Yvonne, that's what I did for my 60th. I planned it totally. I invited my three siblings for a winter weekend (mine is in Feb). They came for both Fri and Sat nights, we skied, we ate, we laughed, looked at old family slides, and it was wonderful. I am so glad I took the bull by the horns. Now I have a good memory of my 60th. Have a good one, too!

Thanks so much Susan. Its taking all of my mental energy to stay in a positive frame for tomorrow.   I'm so glad that your 60th turned out well and fun. I have a positive expectation that mine will as well. I am blessed with 3 wonderful children, 2 great siblings, terrific friends, a beautiful house and thank G-d, my health.  I will keep working to keep my focus on that- and know that my husband wants us to be happy.

Yvonne:

I remember well my 1st birthday w/o my husband.  He died on 7-28-13, my birthday was 9-29. A grade school girlfriend and I were planning to go to Marco Island to visit another girlfriend from high school.  While Jay was so very sick, actually the night before he died, as we were leaving the ER for him to come home to die, he said "I won't be here for your birthday, please take your trip, it will be my gift to you."  Well, although I really did NOT want to go, the kids urged me to.  I went, it was so difficult to do.  My girlfriend's husband and she planned a little surprise.  So while we were all out, he left early, went to their condo, made dinner, they had a cake, candles, sang to me, gave me beautiful cards.  A very emotional time for me, yet, I am so glad that I went.  As my 59th is rapidly approaching, I have not yet figured out what I will do. 
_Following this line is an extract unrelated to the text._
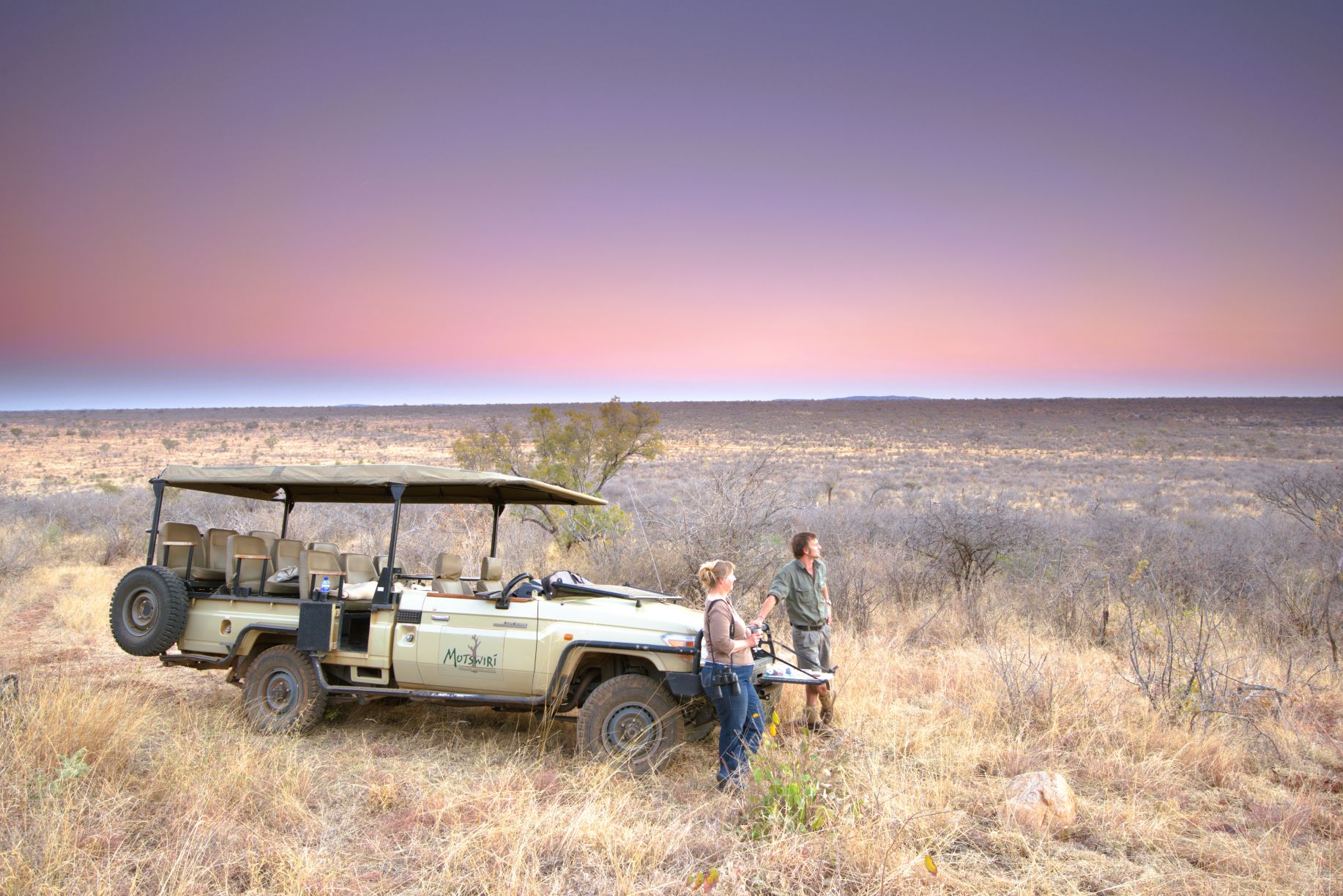 on game drive with Motswiri Private Safari Lodge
I am proud of you and your courage to "take the bull by the horns".  I have found that when we do just that, blessings come.  For I believe that it is in those times of courage, you will begin to see that you can conquer your circumstances, coming out on the other side victorious.  Embrace your day tomorrow, grant yourself the gift of riding whatever emotional wave comes your way, bask in the love of your children, friends, laughter and loving memories of your late hubby.  I believe he will be watching you, smiling at your strength, beaming with pride at how far you have come.  The universe itself will honor you as you embrace the BIG 6 0.

HAPPY BIRTHDAY TO YOU!

terri

Terri - Your words brought me to tears- but good tears - . THANK YOU. 

    Thanks for your encouragement and saying you are proud of me. It means alot to read those words.

      Also - the thought of my husband watching us and smiling - gives me a warm feeling... and he beaming with pride... Its so surreal sometimes - and i feel today like i'm walking in a dream. I will re read your post to keep me positive - if i slip into sadness. Thank you again.

   BTW- i dont know if i could have been as brave as you about going away 2 months after. The fact that he encouraged you to go before he passed and your kids encouraged you too - speaks to how wonderful the family you have is. I am in awe of you going- and proud of you as well.

    I'm sure you will figure out something wonderful for your 59th. Have a wonderful day and thanks for the birthday wishes. Today's my last day to be in the 50s..:(  LOL.   Be well, Yvonne

It's going to be a tough couple of days.

My first wife Jean's 58th Birthday is today, hard to believe all the events she has missed since she passed away on January 30, 1999. Three high graduations, two marriages and the 4 grand kids. I was blessed to have had such a wonderful wife, we were college sweethearts, married at 22, parents at 24. Even though I went on to marry another widower, Jean always had a piece of my heart that would always belong to her. Rather than sitting home and feeling sorry for myself, going out to see a Heart concert tonight, provided the weather doesn't get in the way.

I had the great blessing of marrying another wonderful women, Carolyn who was also a widower. It was such a blessing to marry someone “who got it", who understood that you were always going to miss your first spouse. No matter how happy the day was, high graduation, a marriage, a child birthday, birth of a grandchild, etc. there was always going to be a little sadness because of the one who was not there. She understood the sadness I felt on my first wife's birthday or our anniversary. We comforted each other on our “Sad Days”.  Our first spouses passed away only 6 days apart, we met on-line, met in person at a young widowers group in Virginia Beach, dated for a few months and were married on July 29.2000. We had 14 wonderful years together, visited many wonderful places and had so many memories that I will keep in my heart until the day I die. Carolyn passed away from melanoma on October 7, 2014. She was a teacher and loved helping young people. I'm going out to my Church tomorrow to help out in our summer community outreach program. That's what Carolyn would have doing if she was here, helping others.

Peace and love to all.

Steve, I cannot imagine going through it all twice!  People say "brave" like it is a badge of honor, when instead it is just putting one foot in front of the other and moving forward with life, doing what must be done. I admire that you are reaching out to help others.  I know in my head that it what I need to do, but I haven't gotten my feet to obey - yet. My husband of 40 years died July 13, 2014.  I am still "adjusting."  I know I will get there eventually and I know being around other people will help me.  Keep on keepin' on!  And God be with you.

Thanks Lizabet. For me, very often it is"Having faith to take the first step without seeing the whole stair case". You will get there, I sense that you are a strong person. May God be with you as well.